Now, my heart hurts for our trees.

I’ve long been a tree hugger. Not literally, but I do have a fondness for trees. I appreciate our symbiotic relationship with trees and oxygen and breathing and all that, but I really just like trees.

Upon my return after evacuation, I recall driving through Bluffton, down May River Road, and being startled at the number of massive trees that were down, along the sides of the roadway, with power lines intertwined among the branches.

I could only guess how strong the wind must have been that these beautiful old trees were unmercifully yanked from the ground, bent or twisted and strewn about.

As I drove onto Hilton Head, the sight of broken trees along Hwy. 278 brought tears to my eyes. How could this be, I wondered.
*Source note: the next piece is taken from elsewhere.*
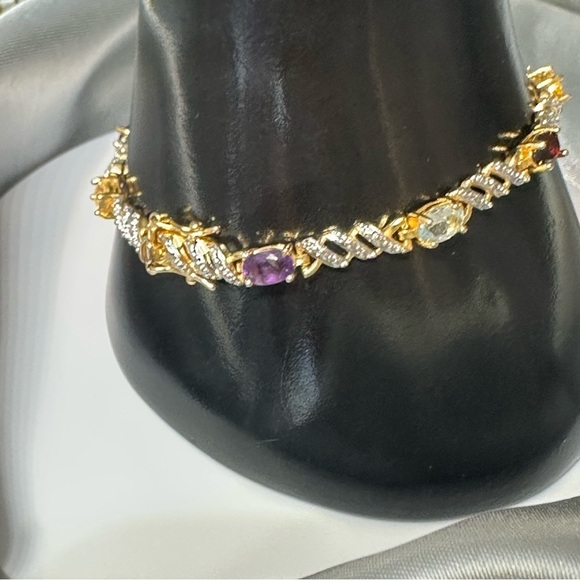 925 Sterling Silver Two-Tone Multi-Gemstone Hinged Bangle Bracelet - Picture 17 of 17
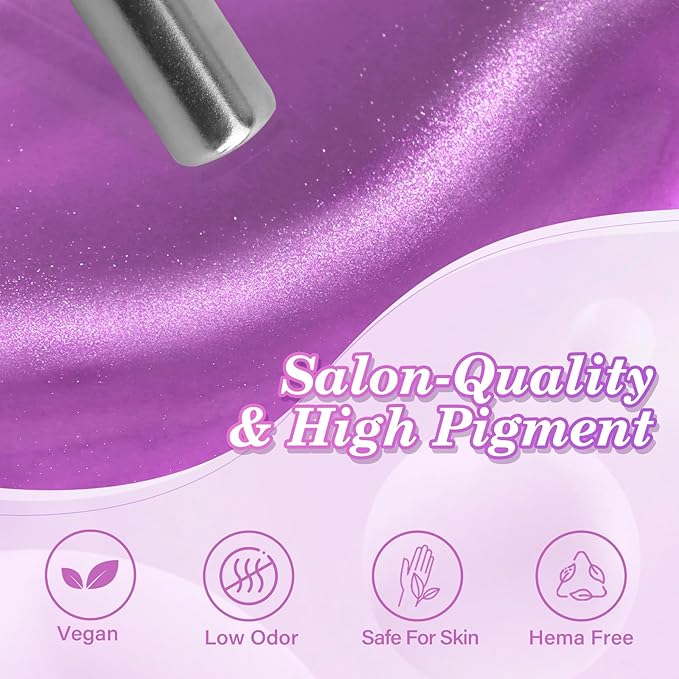 EBANKU Purple Cat Eye Gel Nail Polish, Cat Eye Gel Polish with Magnet 15ML 0.5 OZ Holographic Glitter Shimmer Translucent Jelly Color Magnetic Polish Salon DIY at Home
I’ve been driving past those woods and forests 10 times a week for decades, and now it’s all so different.

I could see daylight through a stand of pines, because they were snapped like pencils, bent at odd angles, leaning this way and that.

Waking up the first morning I was back, I had an odd awareness when I looked out my bedroom window. It was very bright in a way I hadn’t seen in the 20 years we’ve lived in our house.

Still groggy, I finally realized that our neighbor had lost several very large pines – the ones that had blocked the sun from our backyard in the mornings.

Over the past few weeks, I’ve watched the leaves on the downed trees turn brown. As the leaves fall away, we can see more of the damage, more splintered and broken trees. We can see into yards and neighborhoods that were formerly hidden by buffers of greenery.

The sight of the shattered and fallen trees still chokes me up, every morning on my way to work and home again in the afternoon. Tears fill my eyes if I don’t look away.

Though I’m glad our local iconic trees – the Liberty Oak at Harbour Town and the Secession Oak in Bluffton – weathered the storm, I am pained by those regular, normal, everyday oaks and pines and sycamores that didn’t make it.

I’m confident we’ll get used to the new landscape eventually, and small trees will grow where others fell. Nature will take care of itself.

The sun shines a little differently on our world now, and I’m trying hard to see that as a good thing.